Director: Danny Boyle
Writers: Alex Garland
Stars: Aaron Taylor-Johnson, Jodie Comer, Ralph Fiennes
Synopsis: A group of survivors of the rage virus live on a small island. When one of the group leaves the island on a mission into the mainland, he discovers secrets, wonders, and horrors that have mutated not only the infected but other survivors.
In 2002, Danny Boyle and Anthony Dod Mantle pioneered digital filmmaking by shooting 28 Days Later on a Canon XL1 DV camera, giving the Zombie apocalypse film a unique look and feel, while also paving the way for the acceptance of digital cinematography as the film industry began the transition from celluloid to memory cards. In the post-digital era we live in today, it is now routine for studios (and directors) to use newer cameras for their projects, as it is much cheaper and less cumbersome than film. And while there were formal innovations at the time where digital was not widely accepted, such as in Michael Mann’s Collateral and Miami Vice, the sludgy pictures filling our screens today is the most significant symptom of a desire to make each “big screen” experience as televisual as possible.
Digital filmmaking requires different considerations than film, yet few directors are actively interested in exploring these newer technologies and offering never-before-seen images for the audience to question their place in society. However, in the year of our lord 2025, auteurs like Jia Zhangke, Steven Soderbergh, David Cronenberg, Takeshi Kitano, Leos Carax, and Joseph Kosinski have all begun to question how filmmaking in this era should be approached when the big-budget productions of this Earth have grown more and more sterile. It makes their movies stand out amongst the rest of the pack, as they figure out the purpose of cinema at a time when few moviegoers actively want to see a film on the big screen.

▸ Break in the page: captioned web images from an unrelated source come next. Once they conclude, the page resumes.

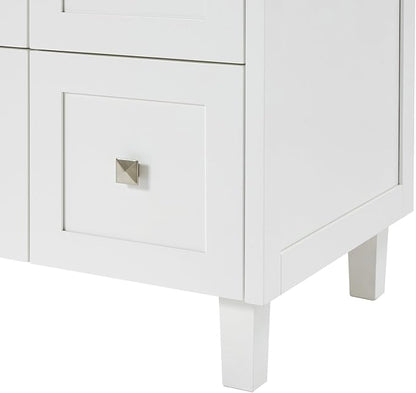 ARIEL Monroe 72-inch Bathroom Vanity with Sink,Solid Wood, 1.5-inch Pure White Quartz Countertop, Double Rectangular Porcelain Sink, Dovetail Drawers, White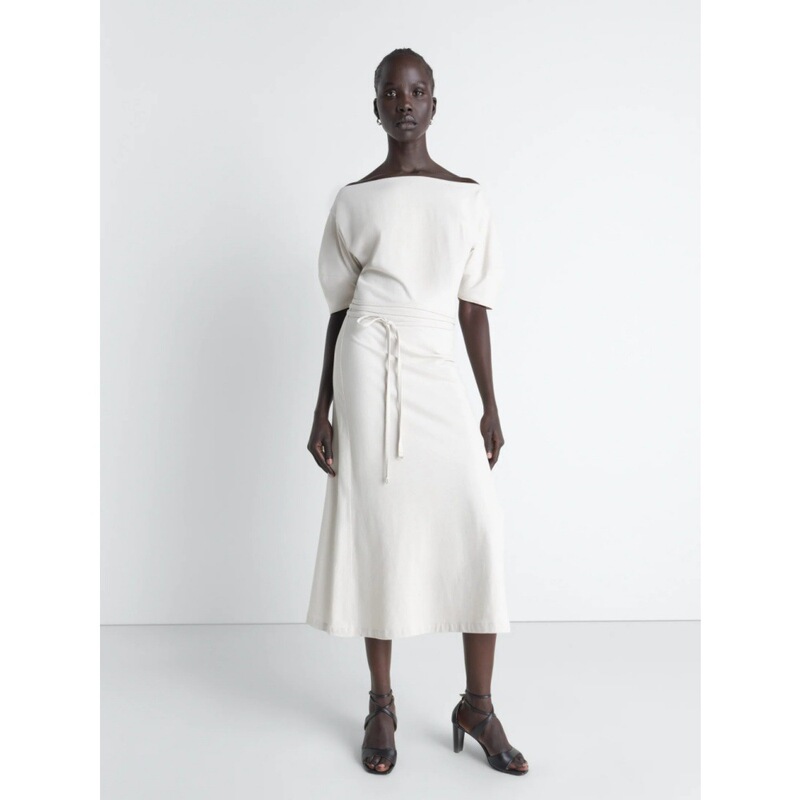 Rommel Off-Shoulder Short-Sleeve Dress with a Simple Neckline, 26 Spring/Summer New Lem Style, Simple and Elegant Tie-Waist Mid-Length Dress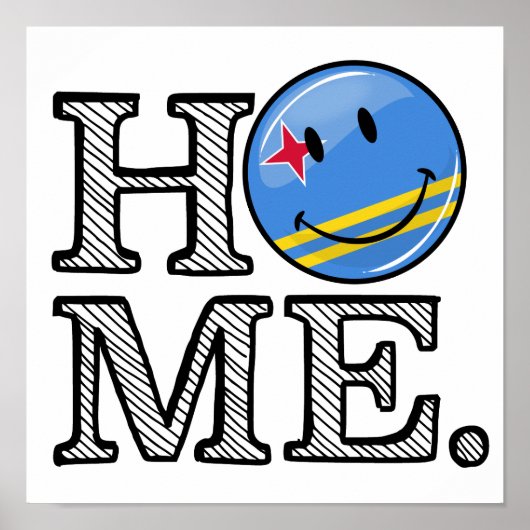 Aruba Flag Smiling House Warmer ポスター (正面)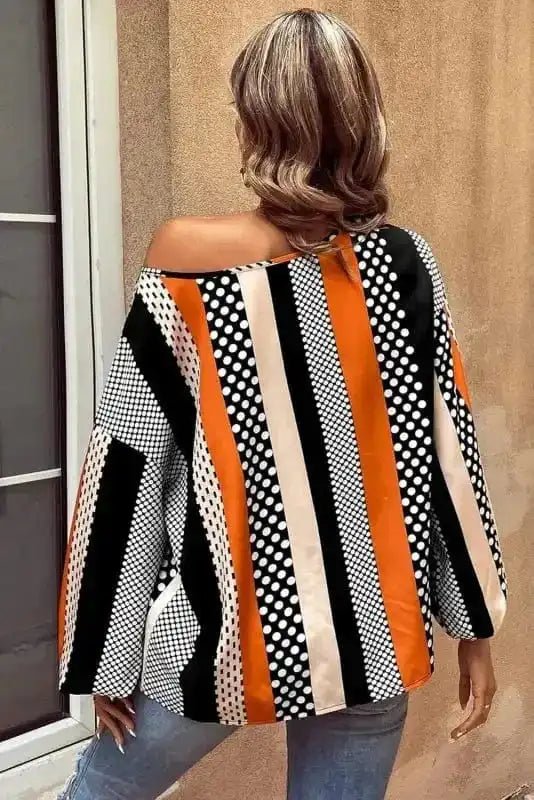 Polka Dot Blouse - Black & Orange - StepByStep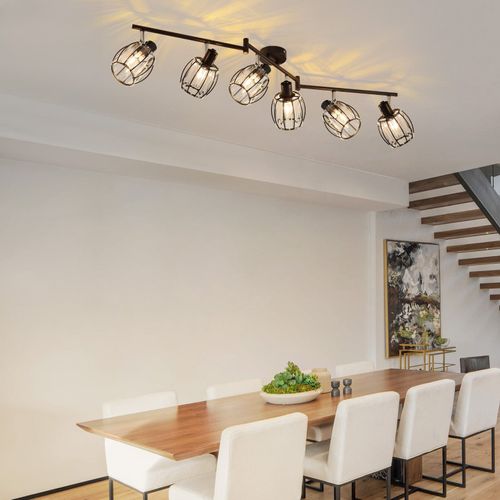 Plafonnier Rétro 6 Flammes E14 Avec Abat-jour En Cristal Pour Hôtel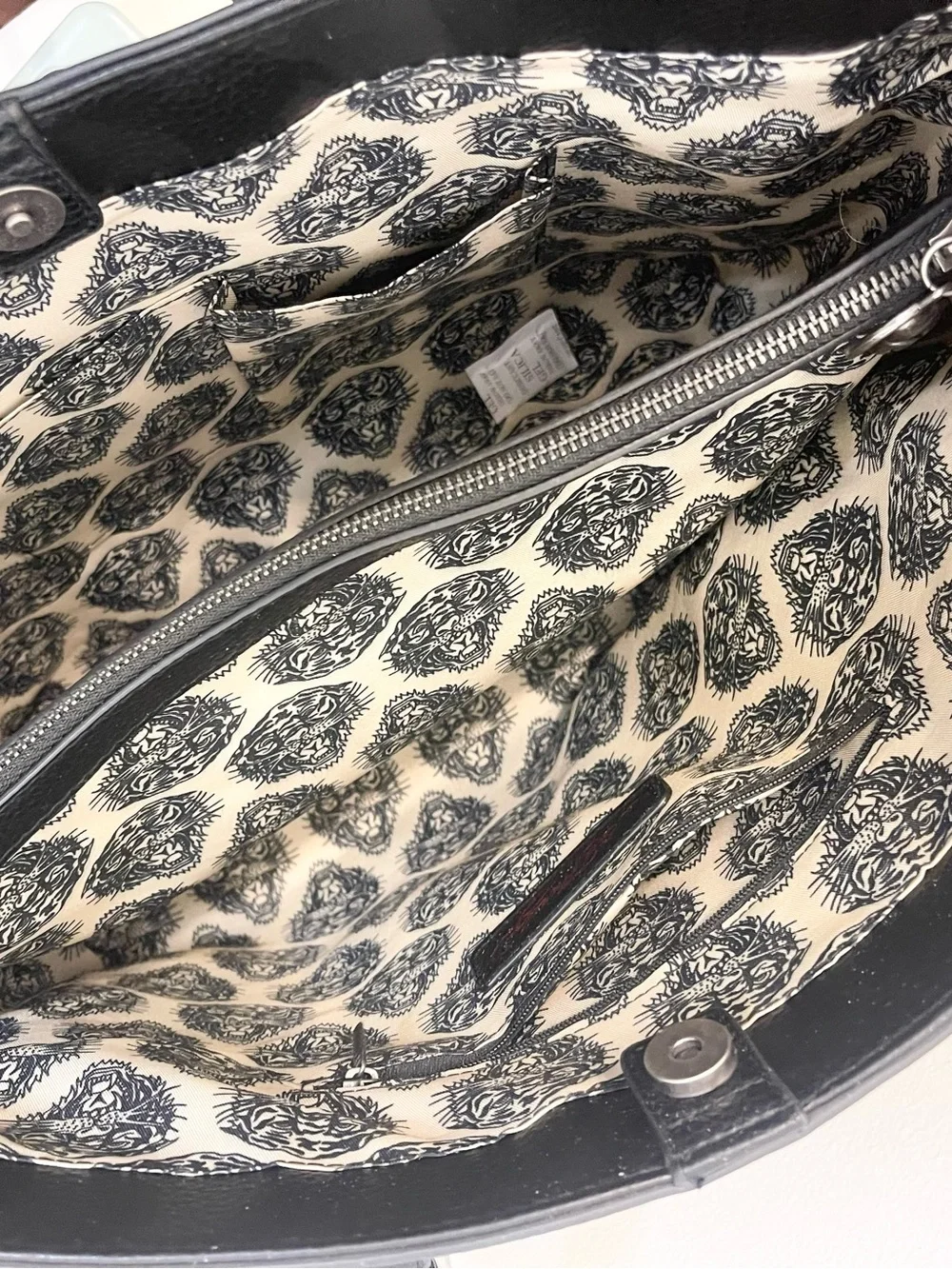 Ed Hardy Studded Black Tote with Silver Studs & Chain Charm
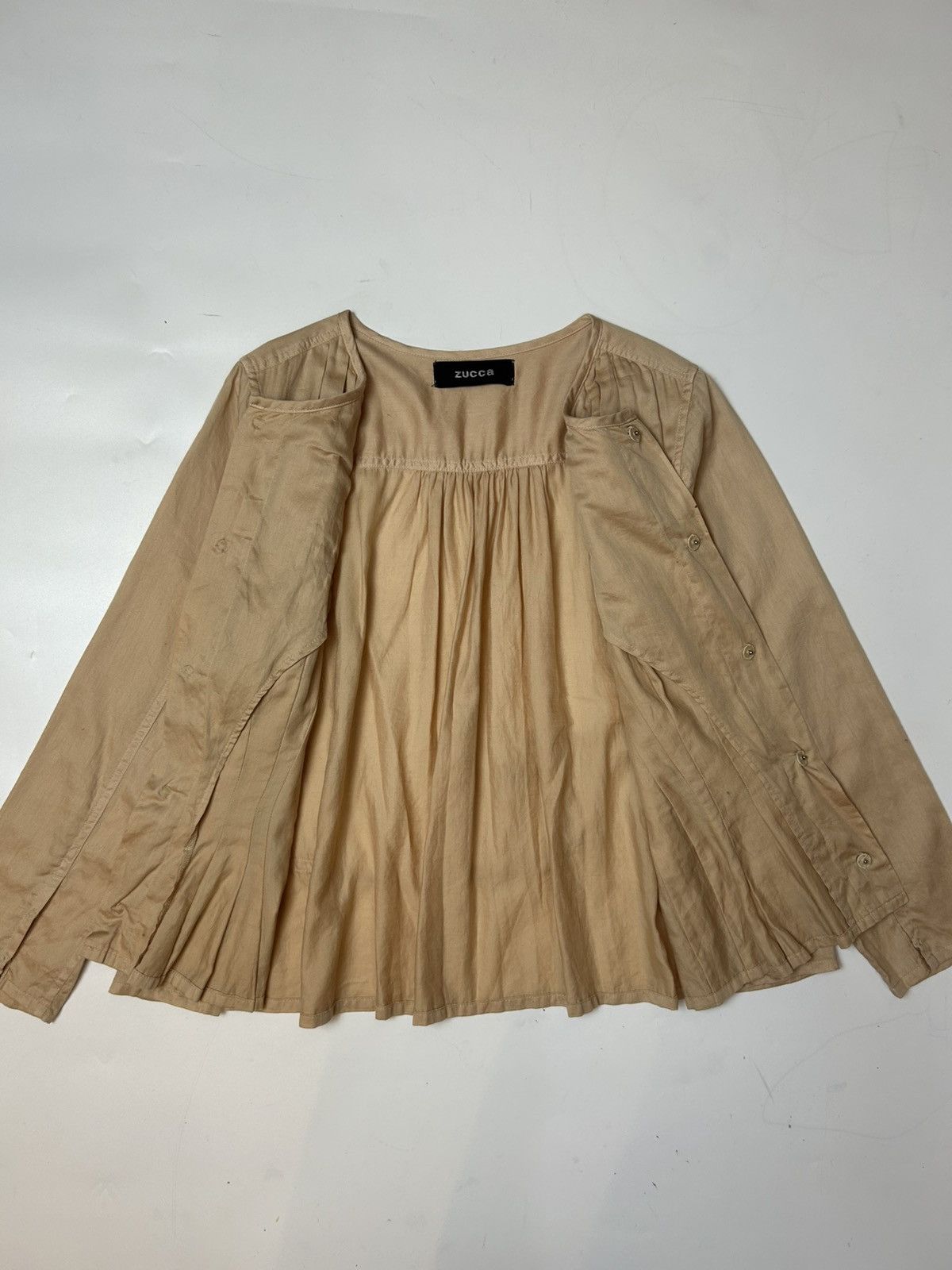 Designer × Issey Miyake × Zucca ZUCCA BROWN PLEATED BLOUSE Size M / US 6-8 / IT 42-44 - 3 Thumbnail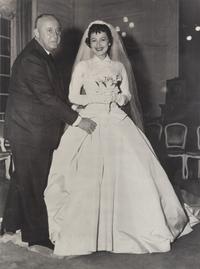 Two Photographic Prints of Olivia de Havilland and Christian Dior and seven Dior fashion show programs with hand-written comments by de Havilland. — From the collection of Olivia de Havilland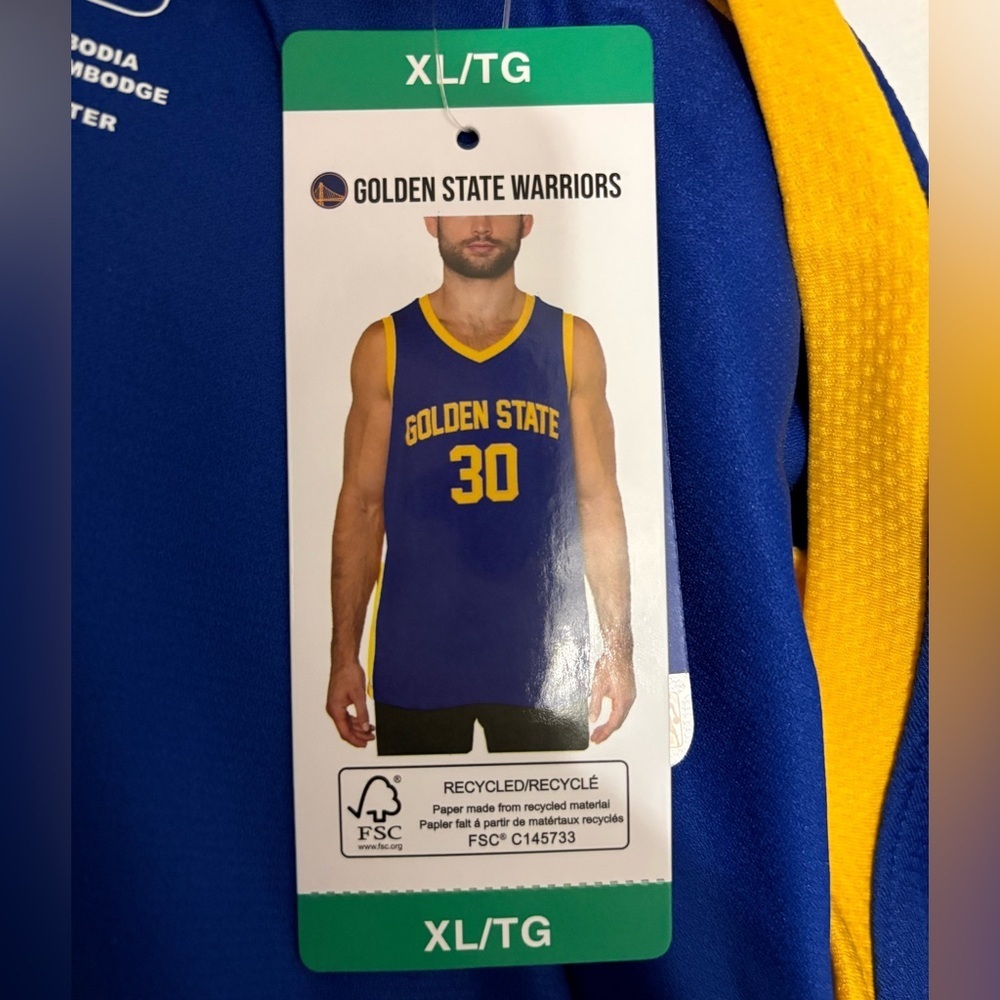 NWT - NBA Blue and Yellow Golden State Basketball Jersey - Curry #30 - Size XL - Picture 9 of 11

For the much-anticipated 28 Years Later, Danny Boyle fundamentally understands that, for an audience to see his latest project in the cinema, he must offer them images they have never witnessed before, even if filmmakers like Sean Baker and Soderbergh experimented on the predominant device Boyle (and Dod Mantle) shot their Zombie film on: iPhones. Transcending the artifice Soderbergh established in Unsane and High Flying Bird, Boyle immediately jolts our attention with his perversely funny opening scene, as a group of children are mortified in terror as they are forced to watch the Teletubbies, whilst the rage virus outbreak is creeping at their doors.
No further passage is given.